Loading complete toolchains
---------------------------

The modules framework at the :ref:`niflheim` includes a number of convenient toolchains_ built as EasyBuild_modules_.
We currently provide these toolchains_:

* The intel toolchain provides Intel_compilers_ (Parallel Studio XE), the Intel MKL_ Math Kernel library, and the Intel_MPI_ message-passing library.

  Usage and list of contents::

    module load intel
    module list

* The foss toolchain provides **GCC, OpenMPI, OpenBLAS/LAPACK, ScaLAPACK(/BLACS), FFTW**.

  Usage and list of contents::

    module load foss
    module list

* The iomkl toolchain provides Intel_compilers_, Intel MKL_, **OpenMPI**.

  Usage and list of contents::

    module load iomkl
    module list

In the future there may be several versions of each toolchain, list them like this::

  module whatis foss
  module whatis iomkl

.. _toolchains: https://easybuild.readthedocs.io/en/latest/eb_list_toolchains.html
.. _Intel_MPI: https://software.intel.com/en-us/mpi-library
.. _Intel_compilers: https://software.intel.com/en-us/parallel-studio-xe

Some notes about modules
------------------------

Matplotlib
..........

Matplotlib_ has a term called a Matplotlib_backend_ and you can specify it by::

  export MPLBACKEND=module://my_backend 

If Matplotlib_ cannot start up, in some cases you have to turn the Matplotlib_backend_ off by::

  unset MPLBACKEND

.. _Matplotlib: https://matplotlib.org/
.. _Matplotlib_backend: https://matplotlib.org/tutorials/introductory/usage.html#backends

Intel VTune Profiler
....................

We have installed module for the Intel VTune_ Profiler::

  module load VTune

Please read the VTune_documentation_.

.. _VTune: https://software.intel.com/en-us/vtune
.. _VTune_documentation: https://software.intel.com/en-us/vtune/documentation/featured-documentation

Need additional modules?
------------------------

Please send your requests for additional modules to the :ref:`Niflheim_support` E-mail. 
We will see if EasyBuild_modules_ are already available.

Building your own modules
-------------------------

It is possible for you to use your personal modules in addition to those provided by the :ref:`niflheim` system.
If you use EasyBuild_modules_ you can define your private module directory in your home directory and prepend it to the already defined modules::

  mkdir $HOME/modules
  export EASYBUILD_PREFIX=$HOME/modules
  module use $EASYBUILD_PREFIX/modules/all
  module load EasyBuild

and then build and install EasyBuild_modules_ into ``$HOME/modules``.
If you need help with this, please write to the :ref:`Niflheim_support` E-mail. 

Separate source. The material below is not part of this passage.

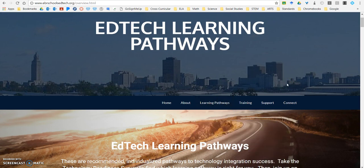Hi, my name is Keisha Arsenault and I'm here to answer questions about the EdTech Learning Pathways. Today's question is: how do the pathways work?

.. _Environment_modules: https://modules.sourceforge.net/
.. _Lmod: https://www.tacc.utexas.edu/research-development/tacc-projects/lmod 

Please note that the :ref:`niflheim` is a heterogeneous cluster comprising several generations of CPUs,
where the newer ones have CPU instructions which don't exist on older CPUs.
Therefore code compiled on a new CPU may crash if executed on an older CPU.
However, the Intel_compilers_ should generate multiple versions of machine code which may automatically select the correct code at run-time.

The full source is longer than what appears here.